Phase 3c — Model Explainability with SHAP

A black-box probability is useless to a growth team — they need to know why. I wrap the trained model in a SHAP TreeExplainer and generate two complementary views. A global summary plot ranks features by overall impact and shows the direction of their effect across all users, while a local waterfall plot decomposes a single high-risk prediction into the exact contribution of each feature — making every individual score auditable.

SHAP summary plot of global feature importance for the cart-abandonment model
Figure 1: SHAP global summary plot — each feature's overall impact on the model's cart-abandonment prediction, with point color encoding the feature value and horizontal spread encoding the magnitude of its effect.

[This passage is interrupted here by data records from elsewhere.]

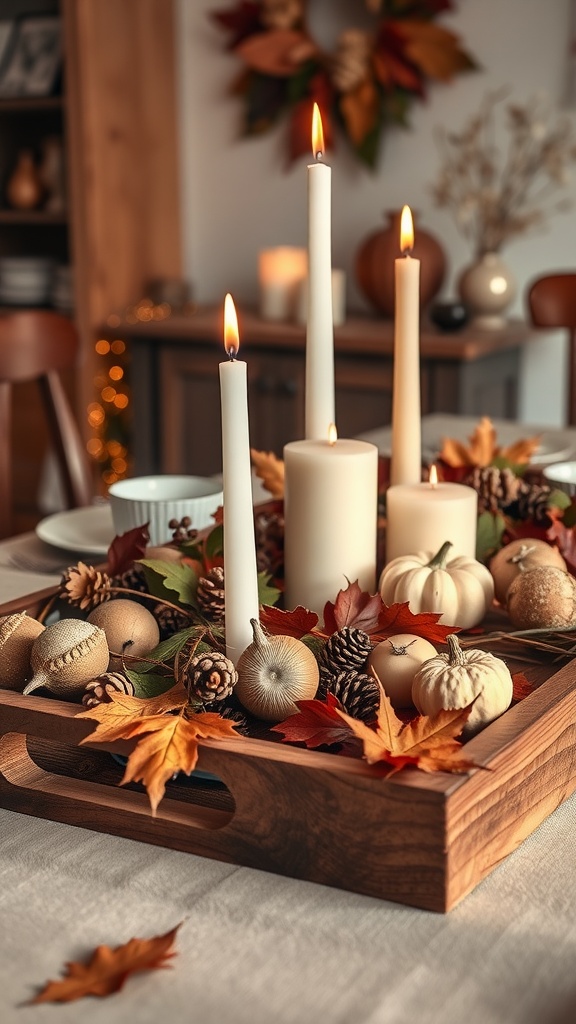 A wooden tray centerpiece with candles, pumpkins, pine cones, and autumn leaves.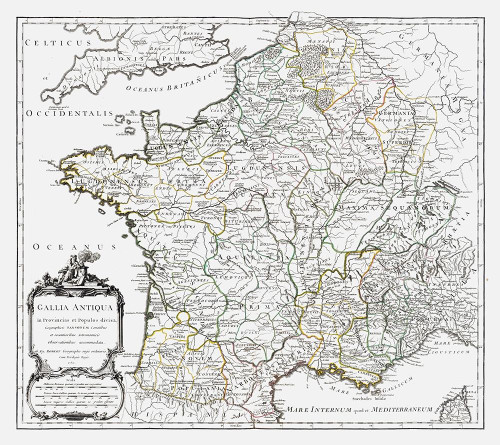 Ancient France - Vaugondy 1757 Poster Print by Vaugondy Vaugondy # ITFR0231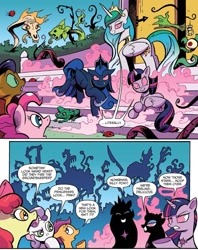 Size: 845x1066 | Tagged: safe, artist:andypriceart, idw, imported from derpibooru, apple bloom, capper dapperpaws, cosmos (character), pinkie pie, princess celestia, princess luna, scootaloo, sweetie belle, twilight sparkle, alicorn, earth pony, pegasus, pony, unicorn, my little pony: the movie, spoiler:comic, spoiler:comic76, chaos, comic, corrupted celestia, corrupted twilight sparkle, cosmos, cutie mark crusaders, female, filly, foal, mare, official comic, possessed, possesstia, speech bubble, twilight sparkle (alicorn)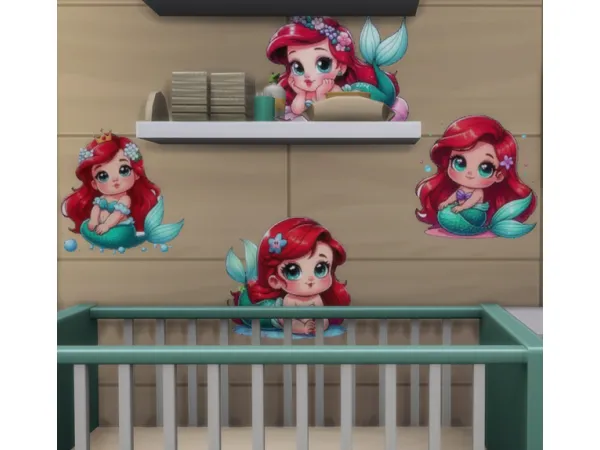 Mix The Little Mermaid Baby Princess Ariel Stickers by midnightpixie85 - The Sims 4 Custom Content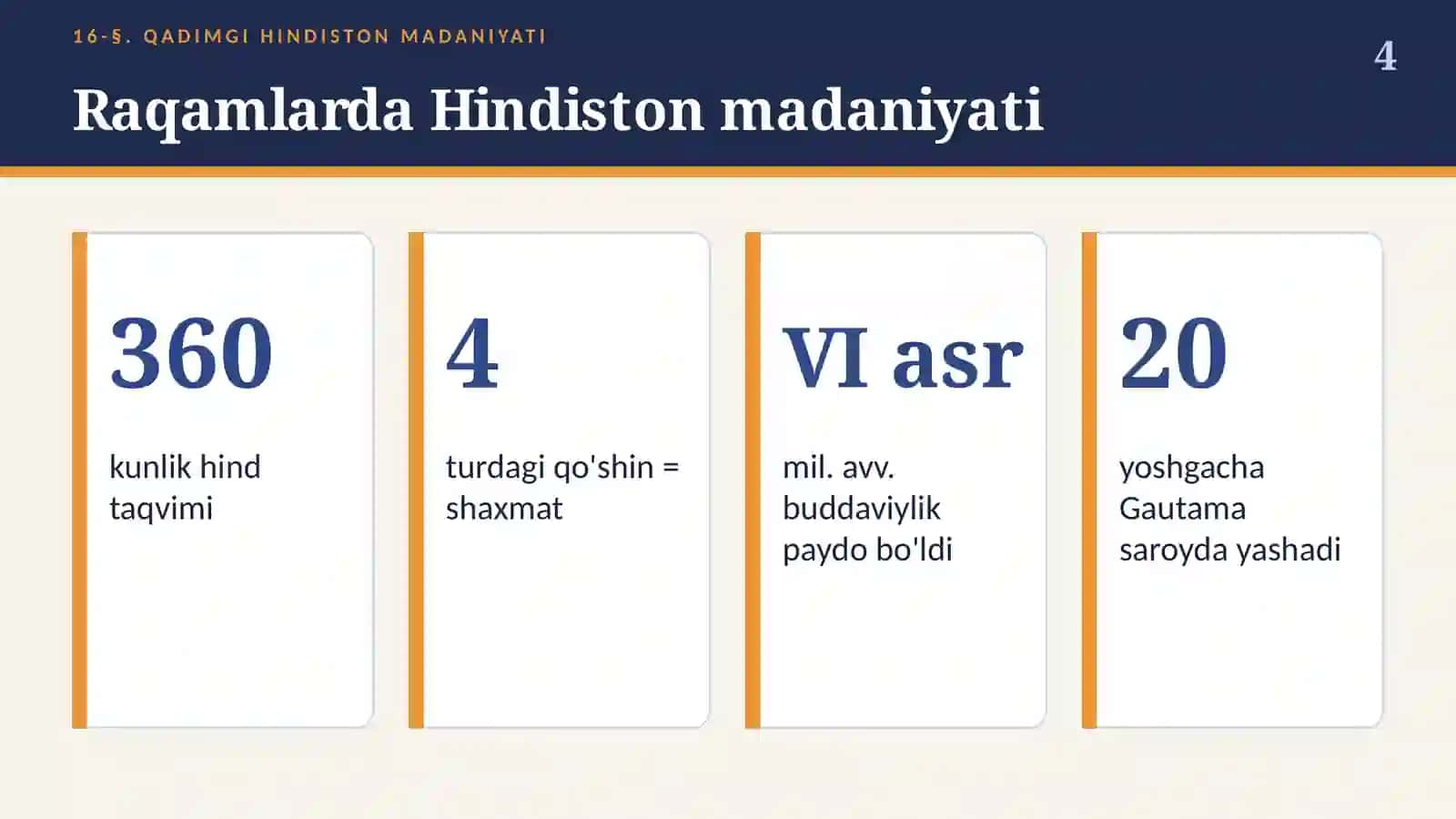 Qadimgi Hindiston madaniyati: shaxmat, sanskrit, Budda va buddaviylik (16-§, 6-sinf, 18 slayd) 4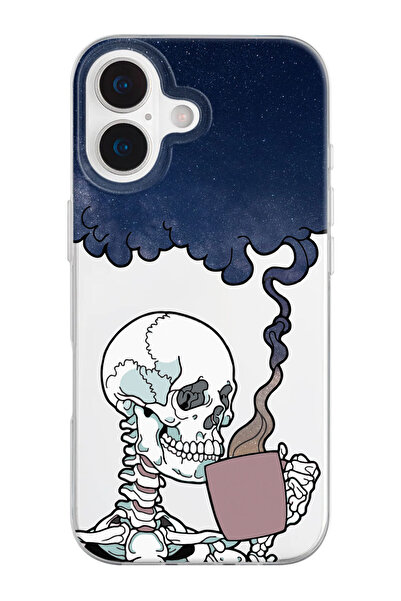 shoptocase غطاء هاتف شفاف من السيليكون بنمط جمجمة متأملة متوافق مع آيفون 17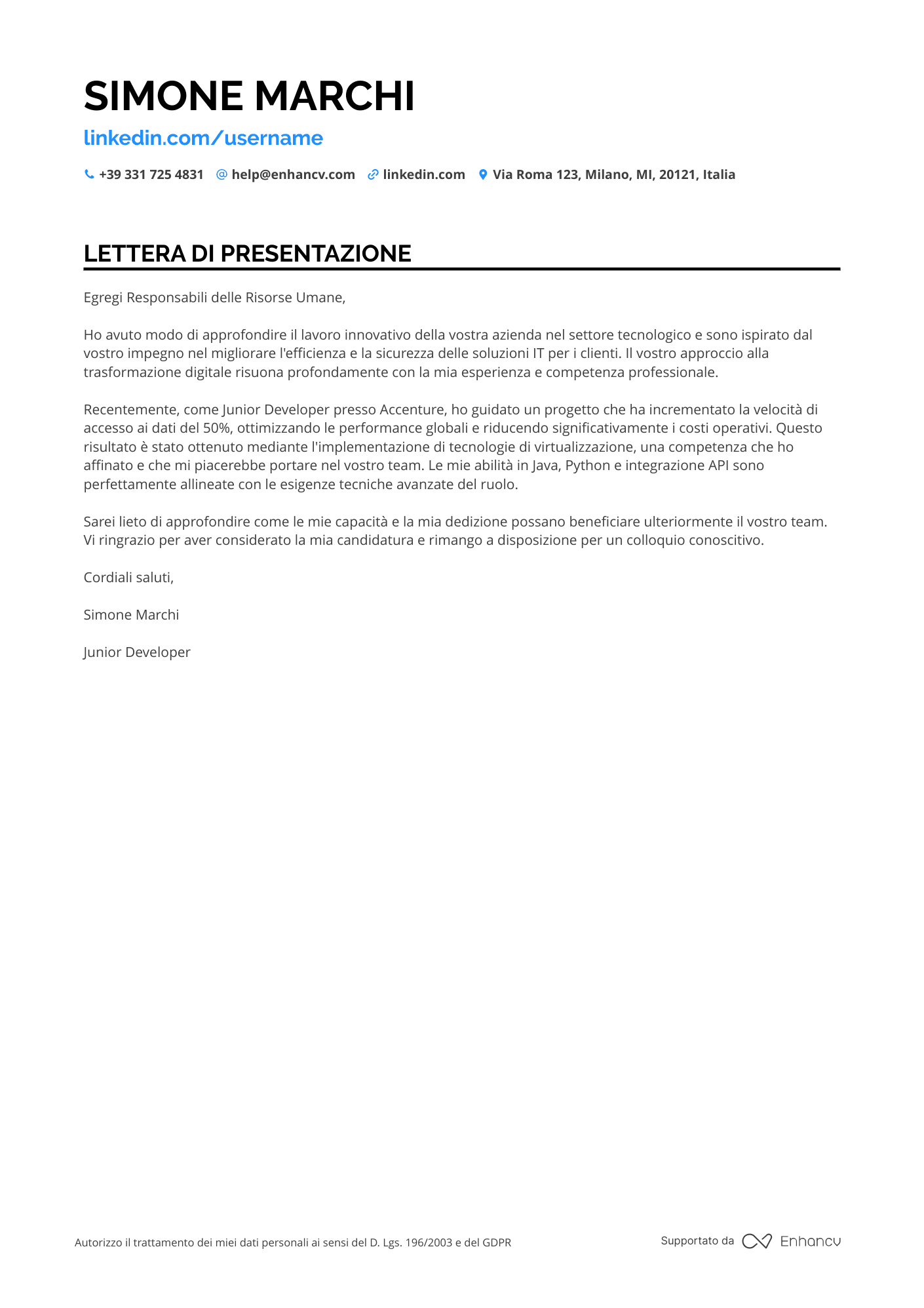 Giardiniere Junior Resume Example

Zooming from the global view to a single decision, the local waterfall plot below traces one high-risk session: starting from the model's base rate, each feature pushes the abandonment probability up or down until it lands on the final score — so a growth analyst can read off exactly which signals flagged that specific user.

SHAP waterfall plot explaining a single high-risk cart-abandonment prediction
Figure 2: SHAP local waterfall plot — a feature-by-feature breakdown of one individual prediction, showing how each input moves the score from the base value to the final abandonment probability.

Phase 4a — Real-Time Inference API (FastAPI)

The model is served behind a FastAPI backend that loads the serialized XGBoost model and SHAP explainer once at startup. The core POST /predict endpoint accepts a session's parameters as a typed Pydantic request, returns the abandonment probability, and — critically — renders the per-prediction SHAP waterfall plot server-side and ships it back as a base-64 PNG, so the front end gets both the score and its explanation in a single round-trip.

A second endpoint, POST /bulk_predict, accepts a list of sessions and vectorizes scoring across the whole batch — the backbone for the app's CSV-upload batch-scoring feature.

Phase 4b — Interactive Web App (Streamlit)

The user-facing layer is a multi-tab Streamlit application that turns the whole pipeline into something a non-technical stakeholder can explore:

  • Real-Time Predictor: sliders for views, carts, session duration, and checkout experience drive a live call to /predict; the app renders the probability, a color-coded risk verdict, and the SHAP explanation inline.
  • Live A/B Test Dashboard: queries the BigQuery Gold tables on demand and visualizes the experiment with Plotly — headline revenue and conversion-rate metrics with deltas, plus a Control-vs-Treatment conversion funnel.
  • Bulk Prediction: upload a CSV of sessions, score them all through /bulk_predict, preview the results, and download a scored file — the batch counterpart to the real-time tab.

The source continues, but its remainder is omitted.